Un sonnolento paesino di una recondita provincia ai margini dell’Impero è scosso da una notizia
inattesa: un Ispettore Generale dell’Imperatore è in arrivo. L’avvenimento getta in fermento tutto il
paese; chi vede a rischio la propria posizione, chi intravede la possibilità di un’improvvisa scalata
sociale…
Il motivo per cui L’Ispettore Generale è una delle commedie più rappresentate di Gogol è che
questo testo contiene una satira ferocissima sul potere. In quanto tale, è un testo più che attuale, è un
testo eterno, perché il concetto di potere è insito e inscindibile dal concetto stesso di società e, di
conseguenza, di umanità. Il concetto di potere va ben aldilà dell’ambito politico a cui siamo
immediatamente rimandati e che anche nel testo di Gogol è il primo livello di lettura. La dinamica
di potere è intrinseca in qualunque forma di organizzazione sociale, dallo Stato, all’azienda, alla
famiglia. Dovunque due o più individui convengono più o meno consapevolmente, più o meno
volontariamente su un sistema di regole che disciplinino il vivere comune, si stabilisce una
dinamica di potere.
La corruzione, che nel testo di Gogol è evidente, violenta, esagerata, è solo uno stratagemma, è il
reagente, per far emergere il vero bersaglio della satira, che è ancora una volta l’uomo, nella sua
miseria, nella sua debolezza, nella sua incapacità di restare in equilibrio di fronte a questo mostro
sacro, questo idolo, che è il potere. Nella sua incapacità perfino di riconoscere il “vero” potere.

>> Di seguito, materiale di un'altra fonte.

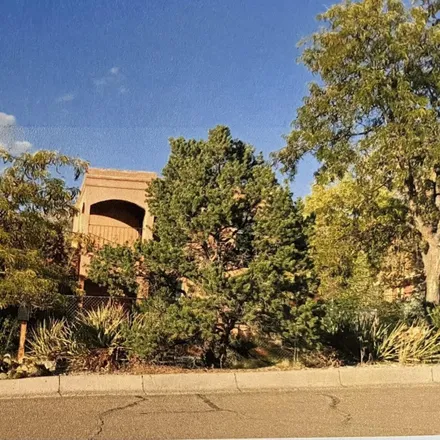 Image 1 - 13301 Cedarbrook Avenue Northeast, Glenwood Hills, Albuquerque, NM 87111, USA - House for sale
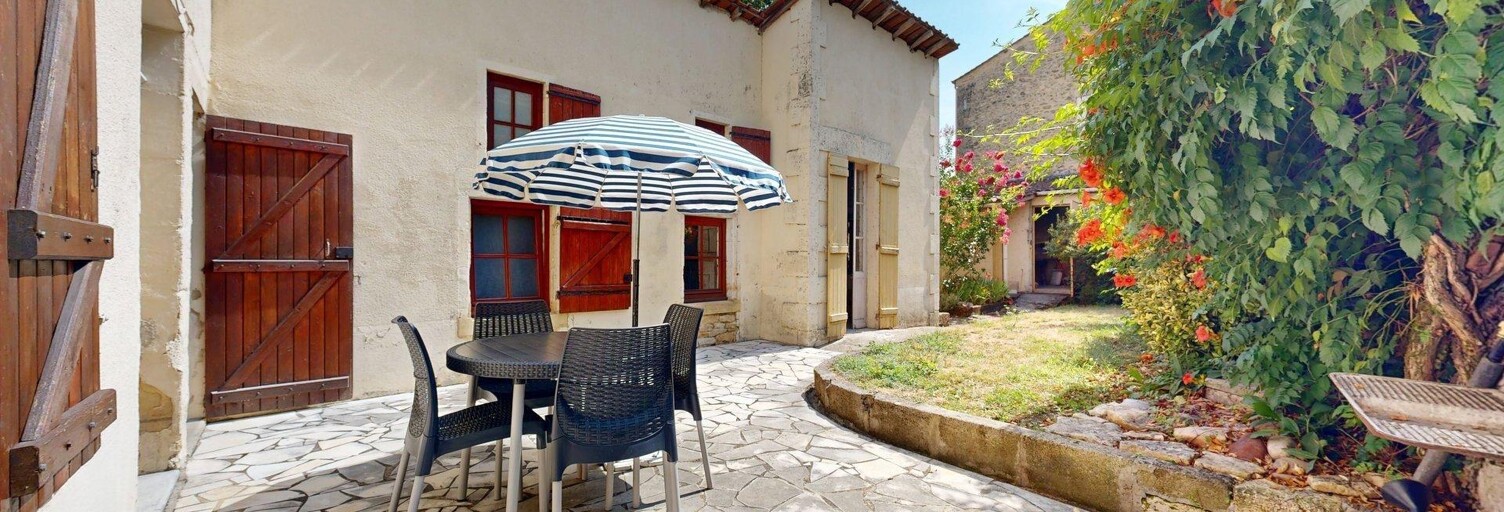 Maison 5 Pièces 91 m² à vendre à Le Buisson-de-Cadouin (24480)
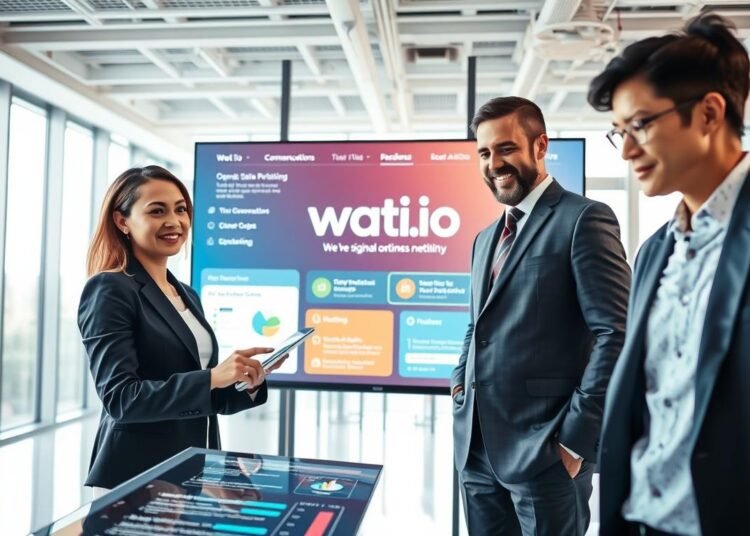 Wati.io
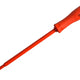 ITL Insulated Insulated Electrician's Screwdriver 200 x 5mm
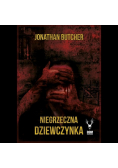 Niegrzeczna dziewczynka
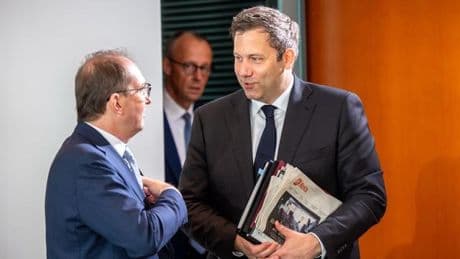 Kabinettsbeschluss: Steuerentlastungen sollen Firmen zum Investieren bringen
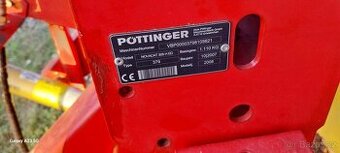 Pottinger novacat 305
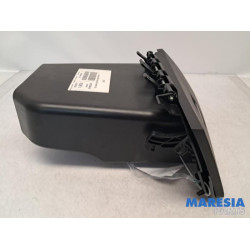 Fiat - Panda - Glovebox
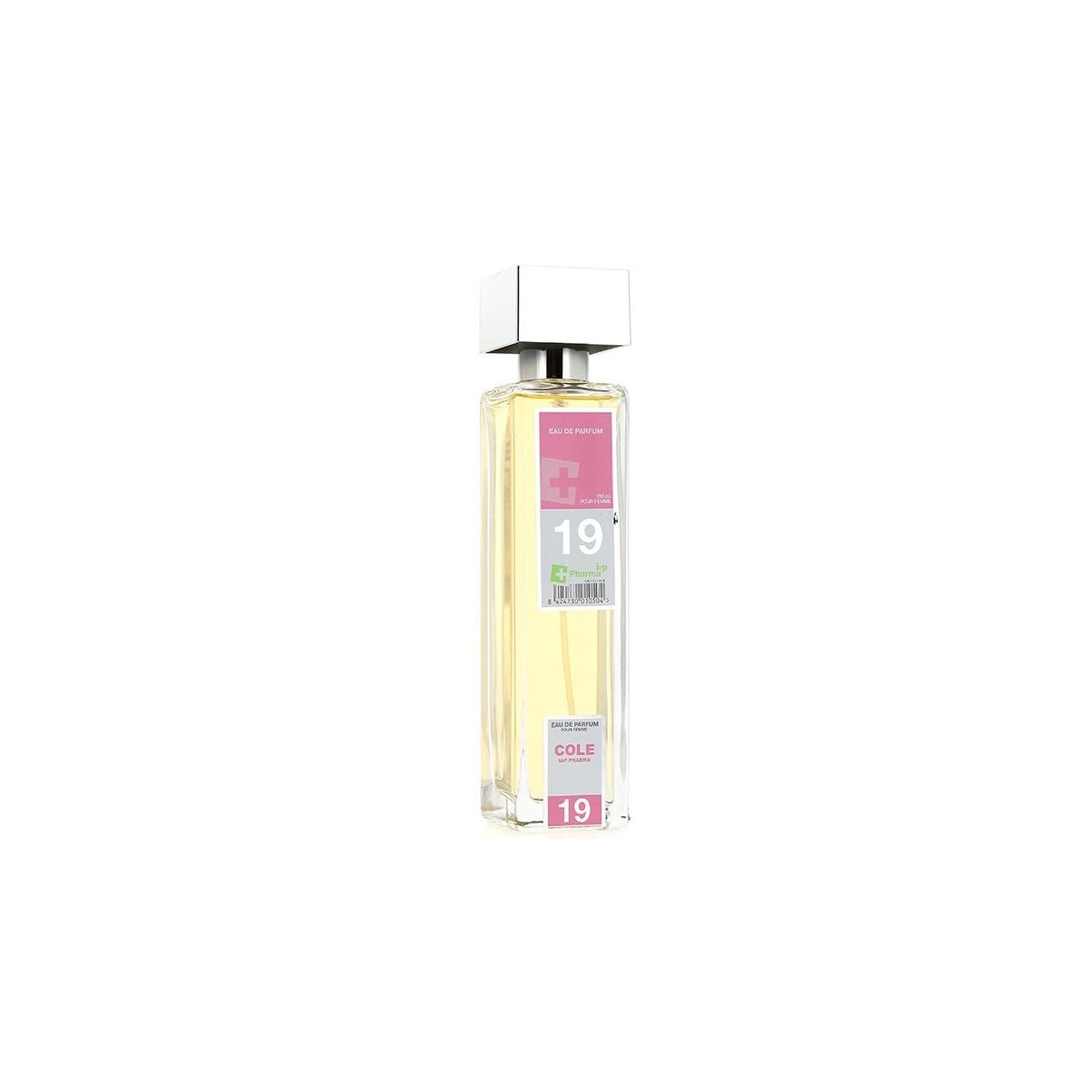 Iap Pharma 19 Perfume Mujer 150 ml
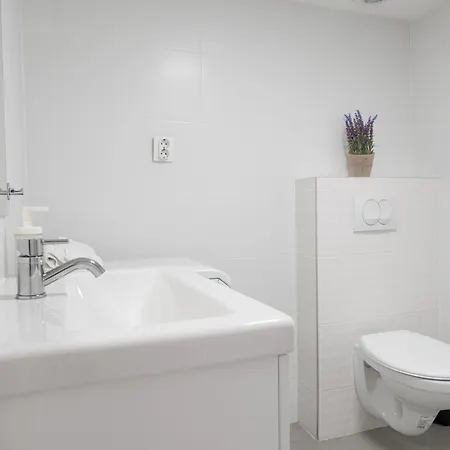 Balcony Gallery Apartamento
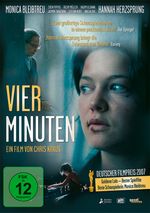 Vier Minuten, DVD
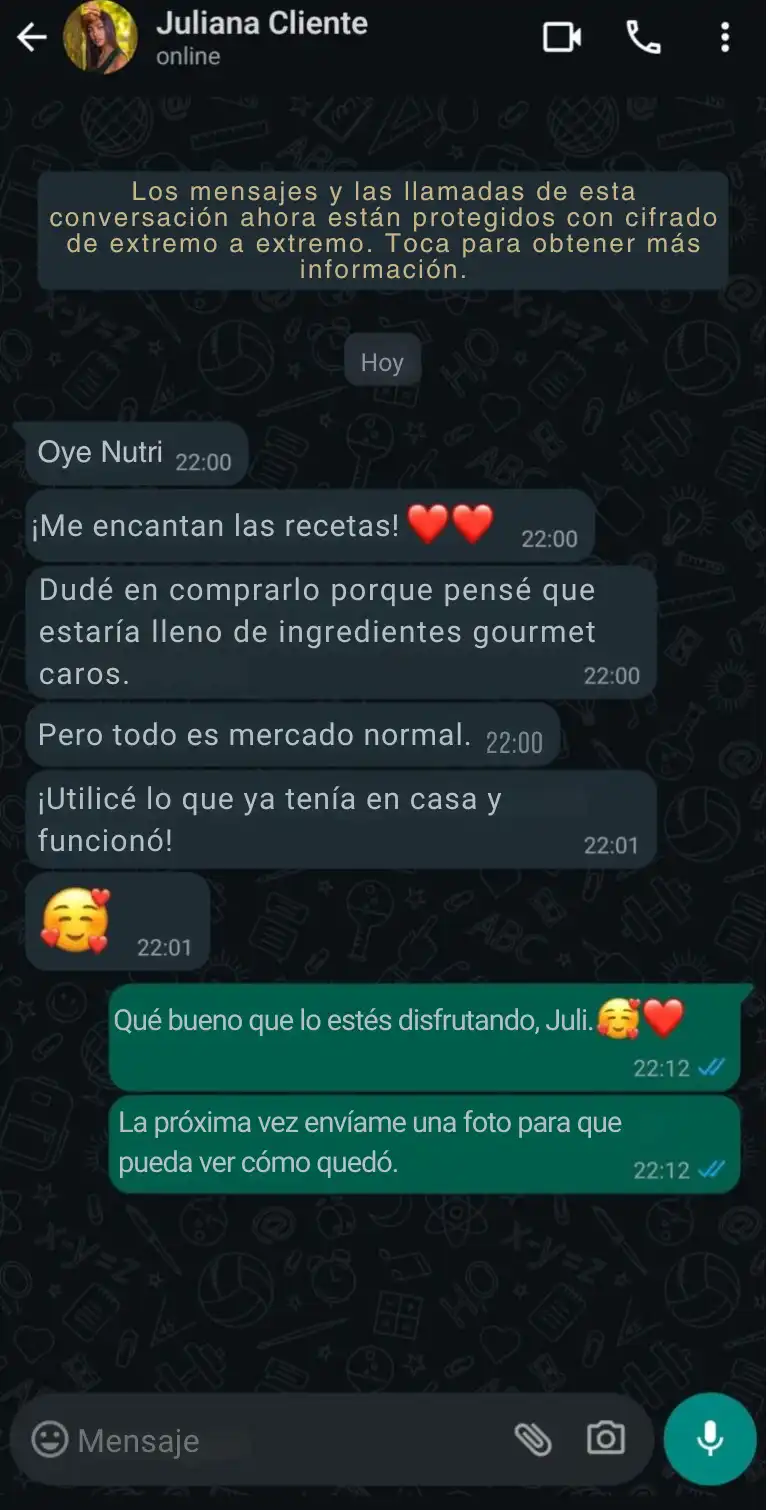 Reseña 2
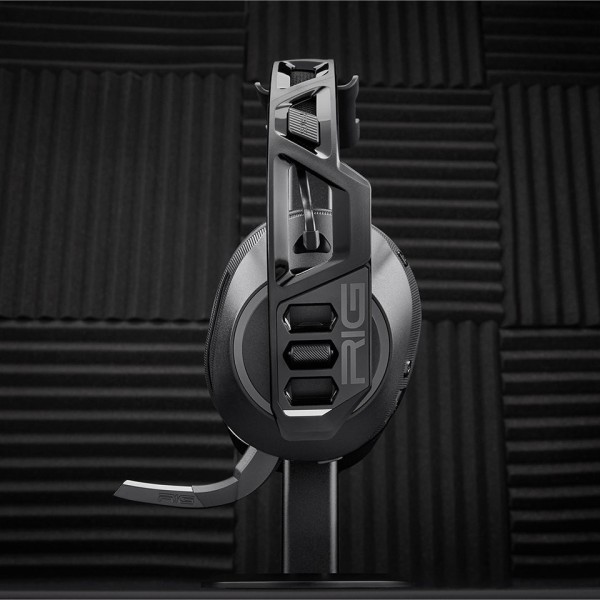 Nacon RIG 600 PRO HS Kabelloses Gaming Headset für PS5 - Hochwertig Gaming Headsets Jetzt verfügbar mit schnellem weltweiten Versand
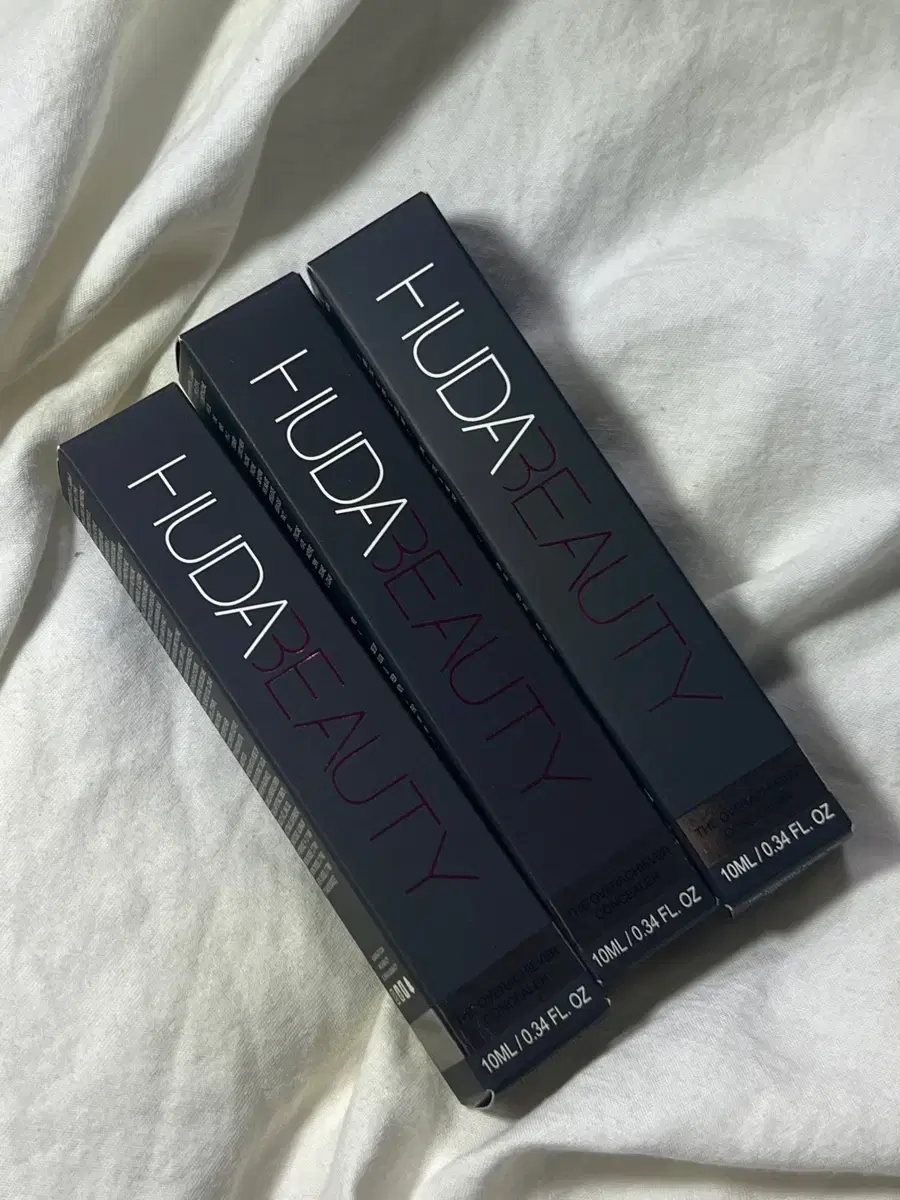 HUDA BEAUTY 후다뷰티 컨실러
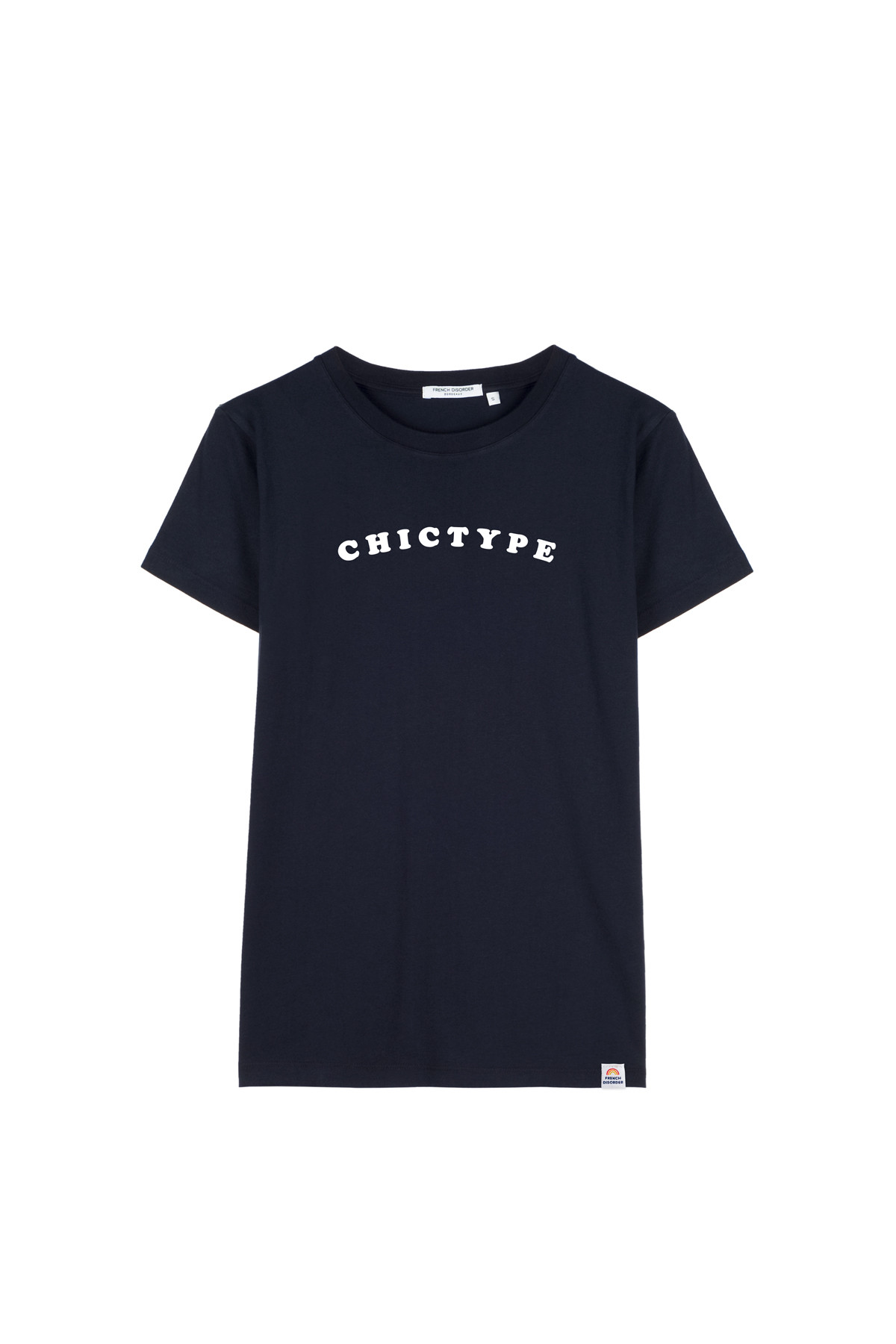 T-shirt Alex CHICTYPE (M)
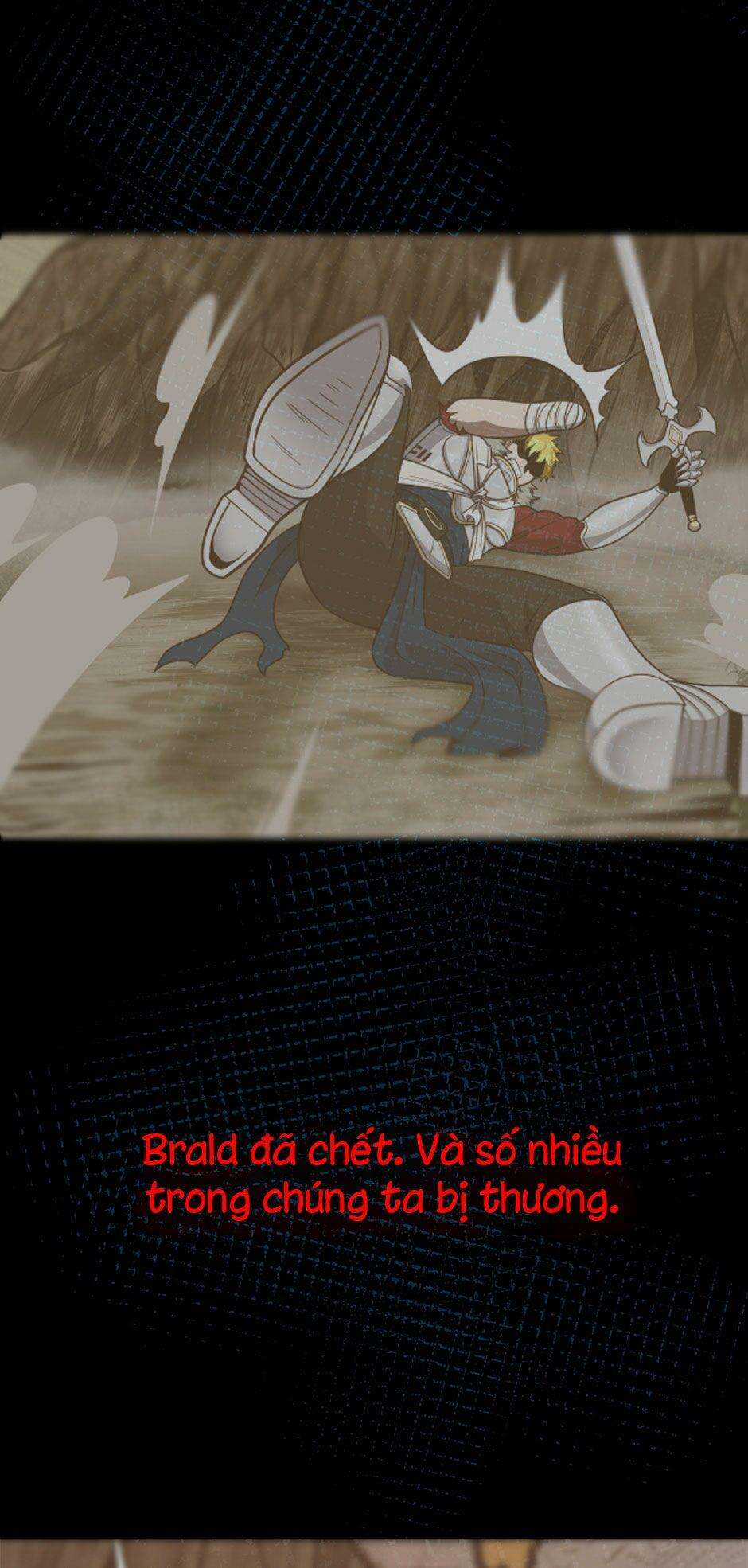 The Beginning After The End - Chapter 71 - Trang 67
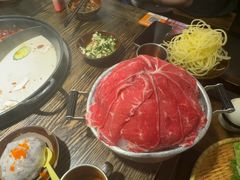 -冯校长老火锅(深圳总店)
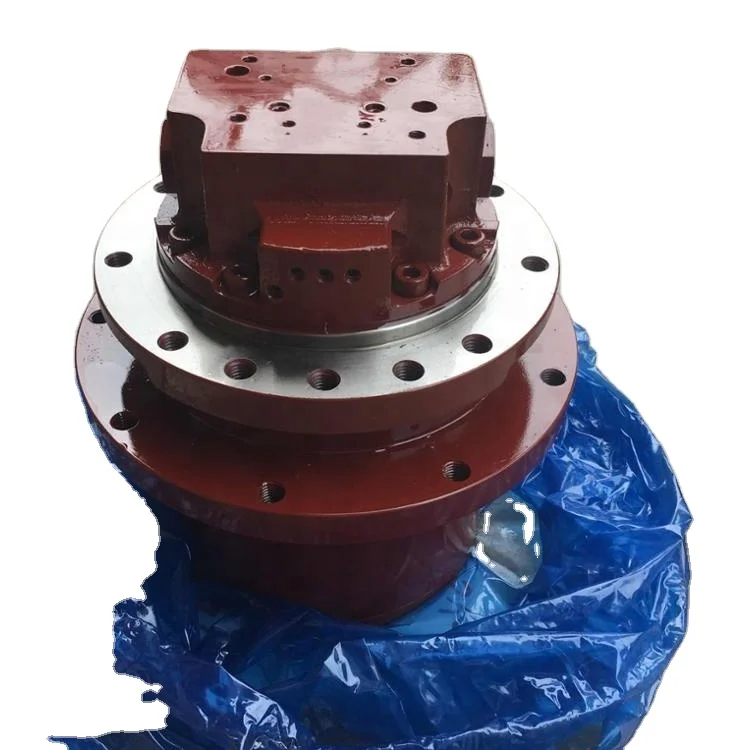 Hitachi ZX40 Final Drive track motor Travel Motor 4433991 4403500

La relazione dell’uomo con il potere è il vero motore di questa commedia. La paura del potere,
l’invidia del potere, l’accondiscendenza verso il potere, l’arroganza del potere. La rivendicazione
del potere, la paura di perderlo, la frustrazione di non averne abbastanza. In questo testo il potere è
una palletta impazzita che passa da una mano all’altra. Tutti i personaggi (o quasi tutti), si trovano
su una montagna russa in cui in un certo momento gestiscono il potere, subito dopo lo subiscono,
hanno l’illusione di riacciuffarlo, per poi perderlo di nuovo. Perché il dramma e la condanna
dell’uomo di potere è questa: c’è sempre qualcuno che ha più potere di te.